Saturday, October 26, 2019

Boston’s ban on Airbnb investor units eases housing shortage


Sheila Dillon, Boston’s housing chief and director of neighborhood development, said she expects a flood of apartments will hit the market in December when the city’s ban on investor units being used as short-term rentals goes into effect.

“We’re hoping that the units returning to the market will be in the thousands,” Dillon told the Boston Herald this week.

Boston last year banned the use of investor units for short-term rentals via Airbnb and other websites. In November 2018, Airbnb sued Boston in federal court over what it called “draconian” regulations.

 The company settled the suit in August by agreeing to add a function to its website that asks hosts to enter a city-issued registration number starting Sept. 1. Hosts that don’t provide the number by Dec. 1 will be blocked.

Dillon said an earlier estimate from Airbnb put the number of investor units – measured as units that are rented for most of the year, implying the owners don’t live there – at about 3,000. That’s about half of their listings for the city, the Boston Herald said.

Earlier this year Zillow cited Boston as one of the U.S. cities where the housing shortage has reached a crisis level. A shortage of housing units has been one factor driving both rents and home sale prices to levels that are more than double national averages.

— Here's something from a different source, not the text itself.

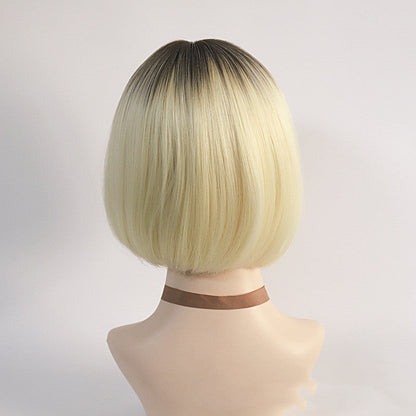 Women's medium-split short bob gradient wig with layered synthetic hair style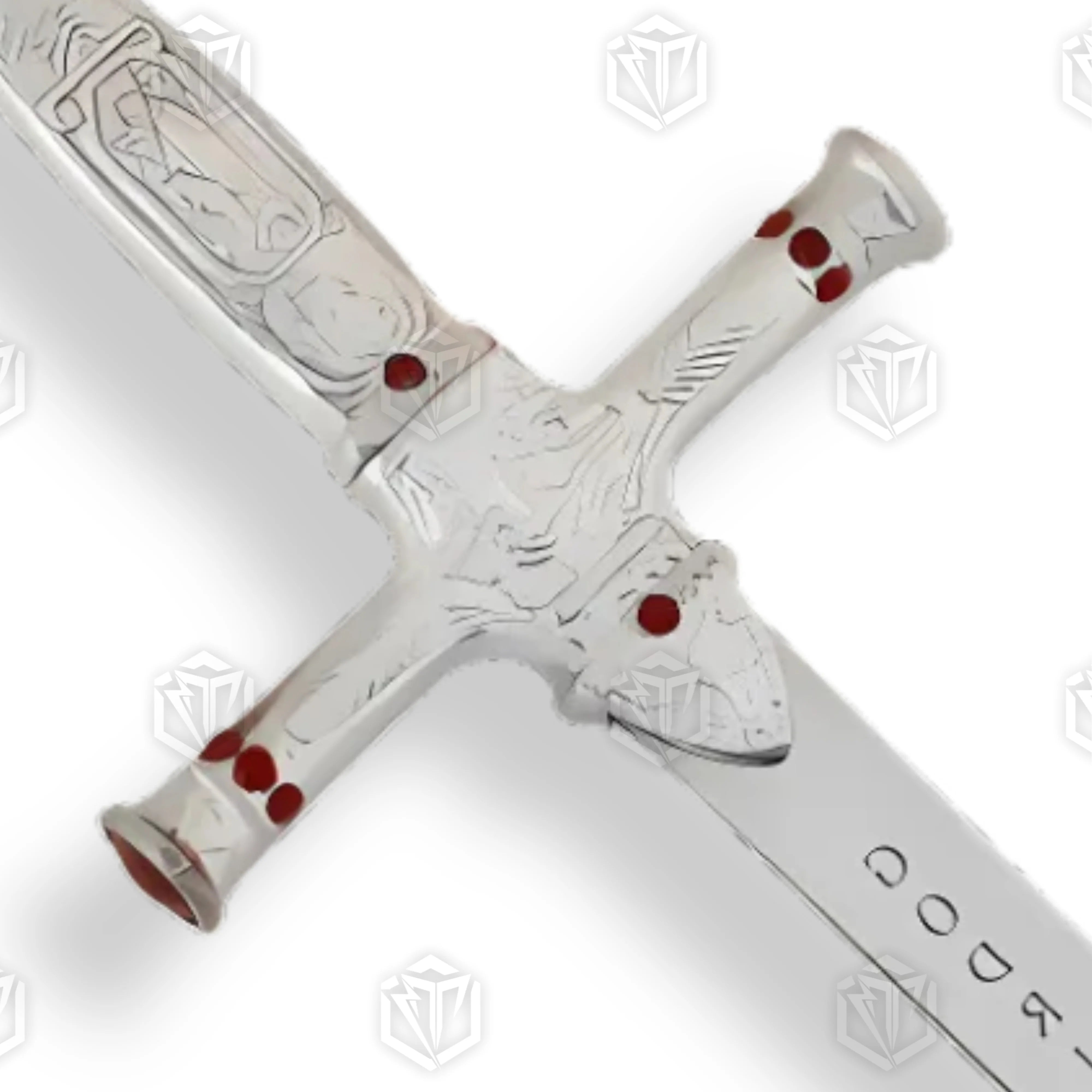 Godric Gryffindor sword prop replica full length diagonal on mossy rock in sunlit fern forest showing polished silver blade with Godric Gryffindor engraving ornate silver hilt and ruby red gemstones – Harry Potter display collectible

“We’re hoping that more units coming on the market will increase the vacancy rate and units will continue to moderate,” Dillon told the Herald this week. “If we’re building additional housing to influence the rental cost, we need the units that were built to be residential units built to serve full-time residents.”

The average rent in Boston was $3,505 in September, more than double the national average, according to RentCafe. About half the city’s housing units are rentals and half are owner-occupied.

The median sale price of a Boston home was $650,400 in August, according to Zillow. That compares with a U.S. median price of $237,000.